Y los viajeros, desde el valle,
por las ventanas ahora rojas,
ven vastas formas que se mueven
en fantasmales discordancias,
mientras, cual espectral torrente,
por la pálida puerta
sale una horrenda multitud que ríe...
pues la sonrisa ha muerto.Recuerdo bien que las sugestiones nacidas de esta balada nos lanzaron a una corriente de pensamientos donde se manifestó una opinión de Usher que menciono, no por su novedad (pues otros hombres han pensado así), sino para explicar la obstinación con que la defendió. En líneas generales afirmaba la sensibilidad de todos los seres vegetales. Pero en su desordenada fantasía la idea había asumido un carácter más audaz e invadía, bajo ciertas condiciones, el reino de lo inorgánico. Me faltan palabras para expresar todo el alcance, o el vehemente abandono de su persuasión. La creencia, sin embargo, se vinculaba (como ya lo he insinuado) con las piedras grises de la casa de sus antepasados. Las condiciones de la sensibilidad habían sido satisfechas, imaginaba él, por el método de colocación de esas piedras, por el orden en que estaban dispuestas, así como por los numerosos hongos que las cubrían y los marchitos árboles circundantes, pero, sobre todo, por la prolongación inmodificada de este orden y su duplicación en las quietas aguas del estanque. Su evidencia -la evidencia de esa sensibilidad- podía comprobarse, dijo (y al oírlo me estremecí), en la gradual pero segura condensación de una atmósfera propia en torno a las aguas y a los muros. El resultado era discernible, añadió, en esa silenciosa, mas importuna y terrible influencia que durante siglos había modelado los destinos de la familia, haciendo de él eso que ahora estaba yo viendo, eso que él era. Tales opiniones no necesitan comentario, y no haré ninguno.
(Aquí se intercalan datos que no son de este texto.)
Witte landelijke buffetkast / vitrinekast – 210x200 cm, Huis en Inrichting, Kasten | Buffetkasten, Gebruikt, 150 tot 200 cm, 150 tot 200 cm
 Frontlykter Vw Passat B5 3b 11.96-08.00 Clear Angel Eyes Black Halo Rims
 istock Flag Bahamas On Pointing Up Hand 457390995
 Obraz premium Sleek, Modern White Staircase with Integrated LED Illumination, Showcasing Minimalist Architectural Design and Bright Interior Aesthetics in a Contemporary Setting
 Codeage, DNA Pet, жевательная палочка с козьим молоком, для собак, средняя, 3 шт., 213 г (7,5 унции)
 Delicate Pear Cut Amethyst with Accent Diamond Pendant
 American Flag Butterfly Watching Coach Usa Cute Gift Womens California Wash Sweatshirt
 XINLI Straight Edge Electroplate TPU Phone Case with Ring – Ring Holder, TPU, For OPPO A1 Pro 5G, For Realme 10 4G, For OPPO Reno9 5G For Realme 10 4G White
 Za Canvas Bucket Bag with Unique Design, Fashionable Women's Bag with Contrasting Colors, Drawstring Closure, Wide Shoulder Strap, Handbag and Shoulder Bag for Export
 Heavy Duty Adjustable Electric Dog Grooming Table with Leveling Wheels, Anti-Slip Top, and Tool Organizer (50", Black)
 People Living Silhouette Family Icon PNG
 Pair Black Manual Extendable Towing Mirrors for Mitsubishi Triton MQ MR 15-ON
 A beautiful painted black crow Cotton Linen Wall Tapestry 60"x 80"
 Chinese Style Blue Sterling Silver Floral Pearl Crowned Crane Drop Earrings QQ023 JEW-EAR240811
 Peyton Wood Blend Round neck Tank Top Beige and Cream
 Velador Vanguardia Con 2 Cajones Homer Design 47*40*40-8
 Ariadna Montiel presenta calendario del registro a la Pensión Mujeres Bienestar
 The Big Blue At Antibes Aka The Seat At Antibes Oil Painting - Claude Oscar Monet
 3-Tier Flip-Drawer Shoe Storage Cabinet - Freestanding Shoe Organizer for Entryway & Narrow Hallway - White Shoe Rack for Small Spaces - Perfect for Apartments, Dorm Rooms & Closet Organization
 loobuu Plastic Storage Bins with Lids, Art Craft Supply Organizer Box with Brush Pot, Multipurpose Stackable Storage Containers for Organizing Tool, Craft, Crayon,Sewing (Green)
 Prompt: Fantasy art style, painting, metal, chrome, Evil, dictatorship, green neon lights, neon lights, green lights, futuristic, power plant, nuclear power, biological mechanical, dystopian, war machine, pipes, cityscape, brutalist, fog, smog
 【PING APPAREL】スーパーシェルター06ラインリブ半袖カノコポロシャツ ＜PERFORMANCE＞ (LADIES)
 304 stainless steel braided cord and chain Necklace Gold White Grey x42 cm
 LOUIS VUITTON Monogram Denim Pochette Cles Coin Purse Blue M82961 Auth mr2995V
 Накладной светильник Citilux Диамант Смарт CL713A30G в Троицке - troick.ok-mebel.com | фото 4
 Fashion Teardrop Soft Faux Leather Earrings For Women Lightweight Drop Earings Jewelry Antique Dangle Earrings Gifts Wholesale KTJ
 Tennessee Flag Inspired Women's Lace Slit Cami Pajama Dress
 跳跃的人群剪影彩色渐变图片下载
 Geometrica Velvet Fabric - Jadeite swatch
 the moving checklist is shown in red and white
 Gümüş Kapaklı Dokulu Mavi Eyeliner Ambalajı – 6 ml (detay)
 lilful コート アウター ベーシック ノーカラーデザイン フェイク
Nuestros libros -los libros que durante años constituyeran no pequeña parte de la existencia intelectual del enfermo- estaban, como puede suponerse, en estricto acuerdo con este carácter espectral. Estudiábamos juntos obras tales como el Verver et Chartreuse, de Gresset; el Belfegor, de Maquiavelo; Del cielo y del infierno, de Swedenborg; el Viaje subterráneo de Nicolás Klim, de Holberg; la Quiromancia de Robert Flud, de Jean D'Indaginé y De la Chambre; el Viaje a la distancia azul, de Tieck; y La ciudad del sol, de Campanella. Nuestro libro favorito era un pequeño volumen en octavo del Directorium Inquisitorium, del dominico Eymeric de Gironne, y había pasajes de Pomponius Mela sobre los viejos sátiros africanos y egibanos, con los cuales Usher soñaba horas enteras. Pero encontraba su principal deleite en la lectura cuidadosa de un rarísimo y curioso libro gótico en cuarto -el manual de una iglesia olvidada-, las Vigiliæ Mortuorum Chorum Eclesiæ Maguntiæ.
No podía dejar de pensar en el extraño ritual de esa obra y en su probable influencia sobre el hipocondríaco, cuando una noche, tras informarme bruscamente que Madeline había dejado de existir, declaró su intención de preservar su cuerpo durante quince días (antes de su inhumación definitiva) en una de las numerosas criptas del edificio. El humano motivo que alegaba para justificar esta singular conducta no me dejó en libertad de discutir. El hermano había llegado a esta decisión (así me dijo) considerando el carácter insólito de la enfermedad de la difunta, ciertas importunas y ansiosas averiguaciones por parte de sus médicos, la remota y expuesta situación del cementerio familiar. No he de negar que, cuando evoqué el siniestro aspecto de la persona con quien me cruzara en la escalera el día de mi llegada a la casa, no tuve deseo de oponerme a lo que consideré una precaución inofensiva y en modo alguno extraña.